RECORD EXCERPTS Start Marker
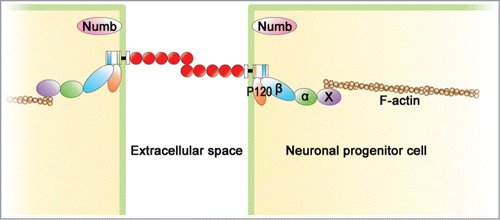 Figure 3. Structure of adherens junction (AJ) in NPCs. N-cadherin-based AJ is developed in the apical domain of NPCs. Its extracellular domains of N-cadherin on the adjacent cells bind to each other through homophilic interaction. The intracellular domain of N-cadherin, β-catenin (β), p120-catenin (p120), α-catenin (α), and a cytoskeleton, F-actin are connected to each other to construct AJ. Some actin binding molecules (X) mediate between α-catenin and actin fiber. Numb is involved in the mechanism by which AJ is formed in the apical region.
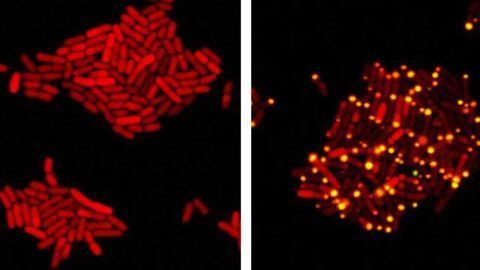 Eavesdropping Viruses Turned Bacterial Assassins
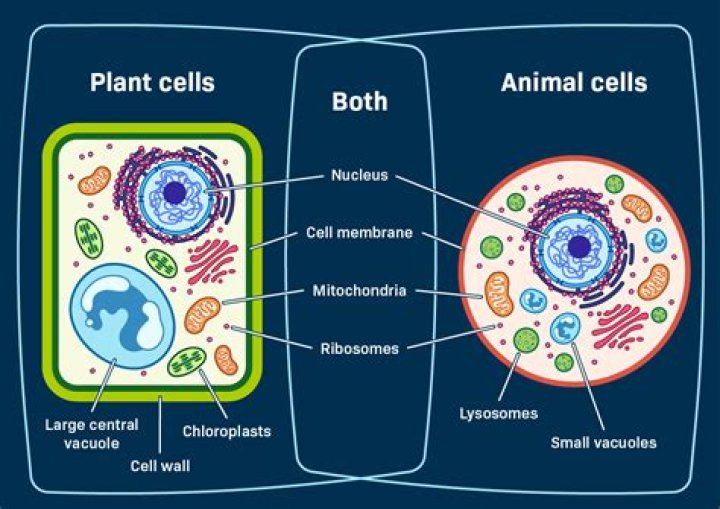Is chromatin in both plant and animal cells?
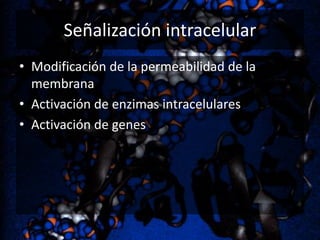 Señalización intracelular
• Modificación de la permeabilidad de la
membrana
• Activación de enzimas intracelulares
• Activación de genes

 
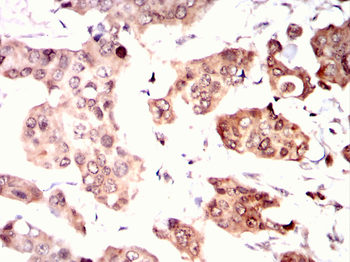 MYOD1 Antibody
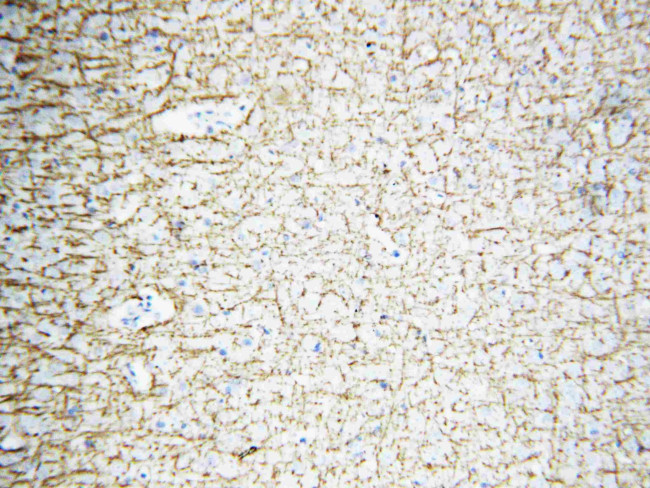 MBP Antibody in Immunohistochemistry (Paraffin) (IHC (P))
RECORD EXCERPTS End Marker
[ABOUT THIS TASK] If a line in the entries above holds the word "Activación", count it; then report the total alone.

[ANSWER FOR THE TASK] 2